Methods such as to()/.cpu()/.ipu(), cause our model to be run on the given target device. However, this may also hint to the given framework what the target is which is also taken into account in cases of optimization, our chosen ones do not do this and use other ways to specify both where and how to run.

### 7.2 Exporting Models to files

This step is extremely important as it can make or break the model's performance. First and foremost, TensorFlow has the function tf.saved\_model.save() which simply dumps a bunch of files into a directory that represent the model. This isn't as interesting as the tf.lite.TFLiteConverter module. The converter object is constructed from one of a keras model, a saved\_model path generated by the above save function, or a concrete function.
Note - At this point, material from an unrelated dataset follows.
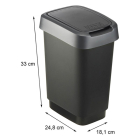 Rotho Prullenbak | Rotho | 10 liter (Kunststof, Swingdeksel, Slijtagevrij, Donkergrijs) 1754308850 K170108272 - 4
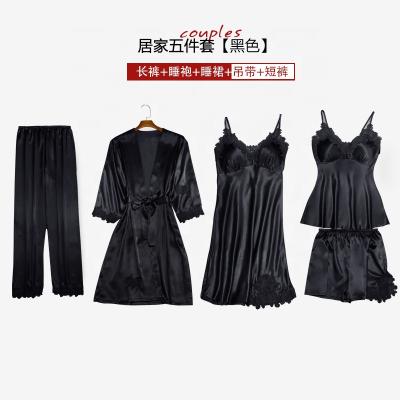 China Summer Spring Homewear Elegant Women Sleepwear 5 PC Breathable Satin Ice Silk Long Robe Set Plus Size Nightgown Pajamas Set With Chest Pads for sale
After creation we can set a vast number of options such as .optimizations, .inference\_input\_type or .target\_spec.supported\_ops. Most importantly we

should set optimizations to the value [tf.lite.Optimize.DEFAULT], as without this the model won't quantize, nor perform very well. Once this is done setting inference in/out-put types is optional and useful for quantization. It must be stated however that mixing types in the graph leads to something called hybrid data types, which are not supported by the NPU and LiteRT will simply signal an error and fall back onto the CPU delegate.
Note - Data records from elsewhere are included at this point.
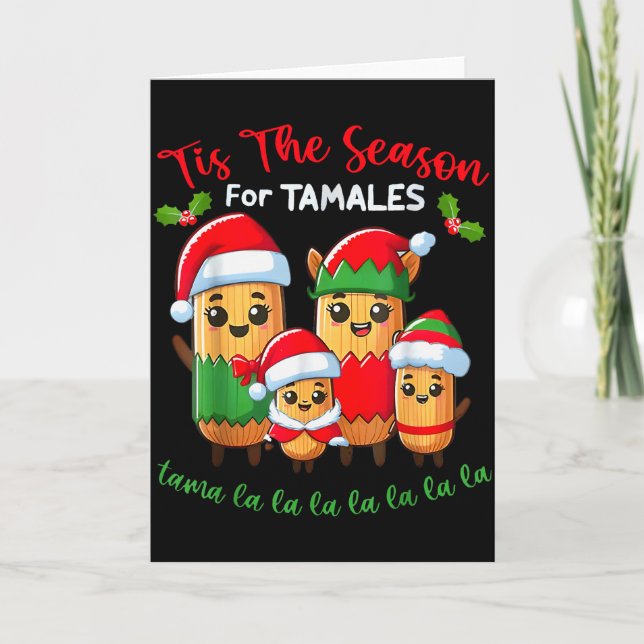 Carte Tis The Season For Tamales Mexican Christmas Santa (Devant)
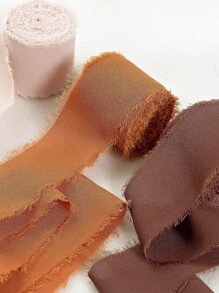 3 卷手工流苏雪纺丝带咖啡色和浅粉色丝带套装适用于 DIY 婚礼请柬、新娘花束、礼品包装工艺 - 咖啡棕 - 查看 4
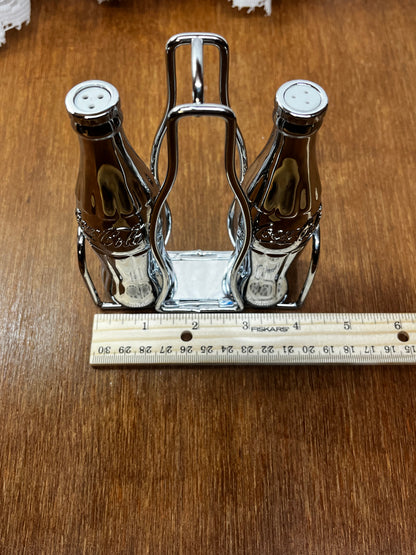 Vintage Chrome Coca Cola Diner Collection Salt & Pepper Shakers with Caddy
When quantizing the concept of a representative dataset comes into play. In Python this takes the form of a generator that returns a random assortment of inputs from a dataset, so that the model may be inspected for patterns, minimum and maximum values that occur at different points, in order to minimize the effect of quantization on accuracy.

### 7.3 Keras

TensorFlow interoperates with and includes a complete interface to the Keras library, which includes its own additional ways to define models. For instance .api.applications under keras contains prebuilt models for various uses such as image recognition that can then be freely used and manipulated for our needs. Another way is the .models.Sequential class, which takes a list of layers and concatenates them one after another into a model. Keras layers are much like TensorFlow modules.

### 7.4 Other Tools

#### 7.4.1 Visualization: Netron & Zetane

Netron (20) is an incredibly useful open-source tool for inspecting, visualizing and generally debugging machine learning model graphs. Of relevant formats it supports ONNX, TensorFlow and Keras, along with support to display all metadata contained in a given layer. It runs either as a web app or an offline local program. Netron provides an interactive graph GUI which allows searching, layouting, and exporting to PNG or SVG. An example of such an export in Figure 3.



Figure 3: Example of a Netron graph render

Zetane (21) deserves an honourable mention, it is a closed-source batteries included environment for designing ML software and includes a viewer very similar to Netron. This viewer however is much more capable and includes 3D visualizations of convolutions on images, heatmaps, graphs of values,

running the model with weights and inspecting propagation. It is also callable directly via a Python API, so unlike Netron it can be integrated as a frontend into other projects.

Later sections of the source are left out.